YOUR TASK: With the pictures left aside, write out exactly the lines of the listing below from the line with "Samsung NX1 +" to the line with "秋の実りの時期を迎えた棚田の稲", both included, and only those.

LISTED ENTRIES:
+--

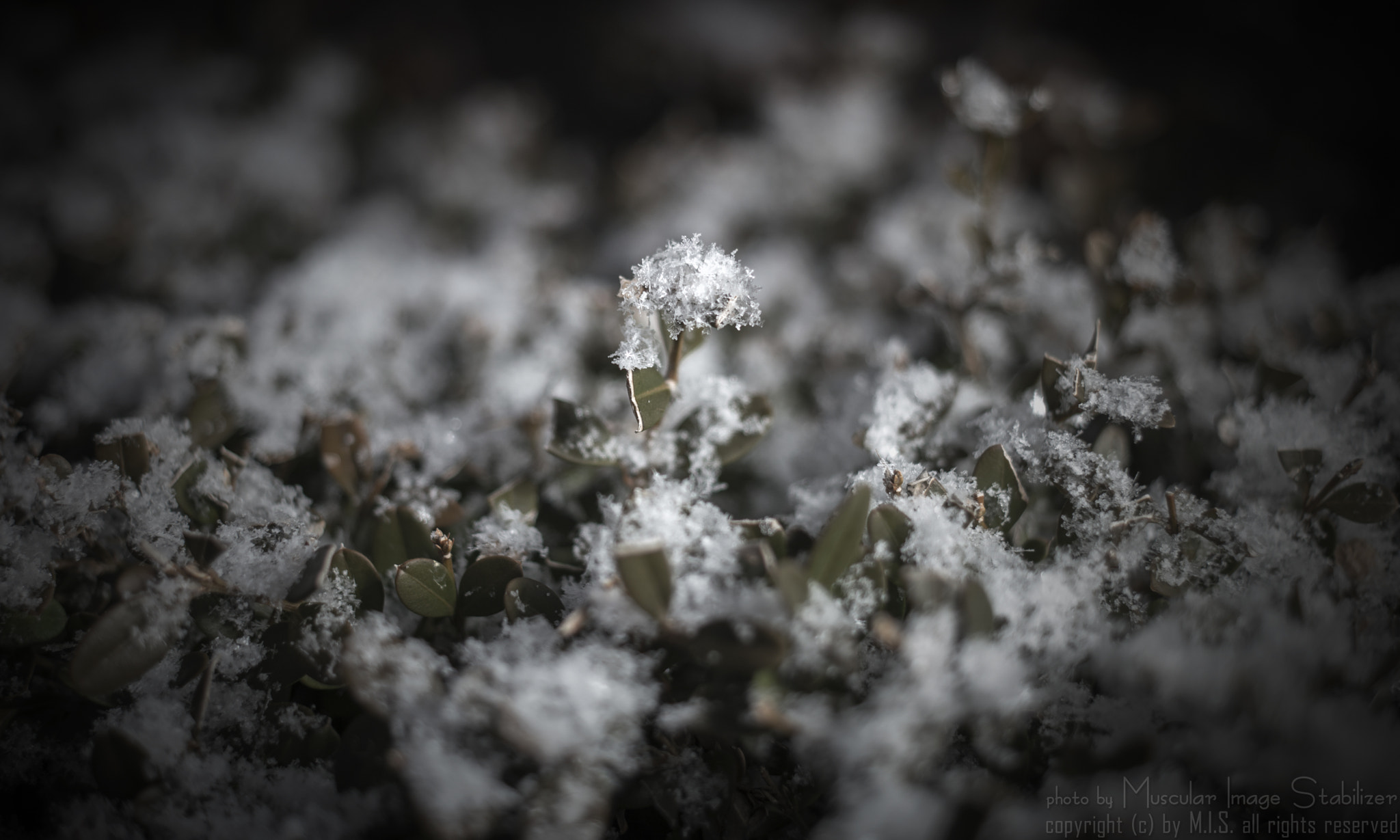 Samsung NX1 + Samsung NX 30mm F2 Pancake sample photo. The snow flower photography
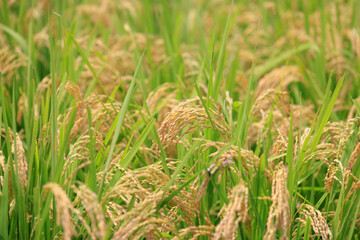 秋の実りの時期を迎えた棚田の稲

+--

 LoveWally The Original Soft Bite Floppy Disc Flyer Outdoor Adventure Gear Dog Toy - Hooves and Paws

+--

RESULT:
 Samsung NX1 + Samsung NX 30mm F2 Pancake sample photo. The snow flower photography
 秋の実りの時期を迎えた棚田の稲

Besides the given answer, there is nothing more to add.